Sunday , 27 March , 2022

Providing a reliable product and user experience require robust application metrics monitoring. However, it is challenging to efficiently monitor your apps, and it’s even more challenging if your apps have transitioned from monolithic to microservices.

Back in 2015, Tom Wilkie introduced the RED technique as a monitoring methodology based on what he learned while working at Google. The main reason behind developing RED was prior monitoring philosophies and approaches, such as the USE method, which did not completely meet the objectives of software companies and modern software architectures.

The primary goal of the RED technique is to ensure that the software application functions properly for the end-users. Hardware measurements aren’t nearly as relevant in the present era of microservice architectures and cloud infrastructure as long as your service level objectives (SLOs) are being addressed.

RED stands for rate, errors, and duration. These are the three essential metrics you should monitor for each service in your architecture:

* Rate (The number of requests the service is handling per second)
* Errors (The number of those requests that are failing)
* Duration (The amount of time those requests take)
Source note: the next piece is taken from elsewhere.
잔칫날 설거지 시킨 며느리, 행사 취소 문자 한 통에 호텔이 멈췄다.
Using those three metrics, you get a solid understanding of how your services are performing. The number of requests your service is handling per second provides a baseline for how much traffic is directed to your service. On the other hand, the percent of those requests resulting in errors indicates whether or not a service is operating within your SLO. Finally, the amount of time those requests take provides insight into the user experience of your application.
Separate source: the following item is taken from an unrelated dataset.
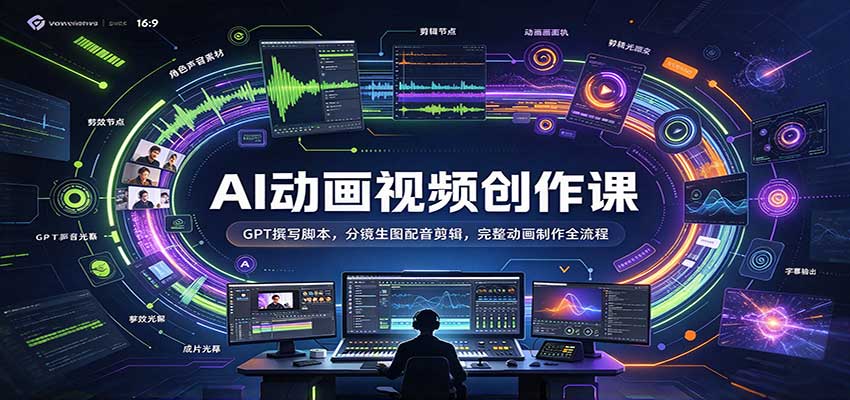 AI动画视频创作课：GPT撰写脚本，分镜生图配音剪辑，完整动画制作全流程-知行阁轻创网-分享网络赚钱项目-全网首发副业项目实操平台-副业创业项目网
Benefits of the RED method:

1. Lessen the time & effort needed to determine service issues:
RED makes it simple to understand what’s wrong in any service and how to repair it, even if the service you’re attempting to solve is essentially a black box that you don’t understand its internals. You may analyze telemetry data, identify the best course of action to improve the user experience. Taking into consideration that the same measurements are utilized for all services, training time and service-specific expertise are reduced.

2. Aligning with the company objectives:
App users are less concerned with an app’s infrastructure, memory use, CPU utilization, or any other hardware metrics; instead, they are more concerned with error messages they may encounter when using your app, app load time,…etc of issues that may affect their experience while using your app. The RED technique makes it extremely clear when a service is failing to meet your SLO and your users are having a poor experience, thus aligning with your users’ and company’s objectives.

3. Drives standardization and consistency
Using RED for monitoring allows you and your team to be consistent in how you monitor any service since everyone will be looking at the same measure. When building dashboards, they can have the same look and feel, independent of the service being monitored. Thus making it much easier working as a team.

4. Helps with automation
Because all services are considered the same, using RED simplifies and secures the automation of repetitive processes. In addition, since the same three metrics are utilized across services, you can also standardize things like dashboard design.

Limitations of the RED method:

* Since the RED approach was primarily intended for request-driven applications, it may not give the necessary information for use cases such as batch processing or streaming.

* The external perspective of RED may make it difficult to determine how near a service is to failure. A modest increase in traffic may cause your response time to lengthen, and you may not have internal application analytics to explain why.

* Using the RED technique means that your measurements might be interpreted differently based on a variety of circumstances, thus it does need careful planning.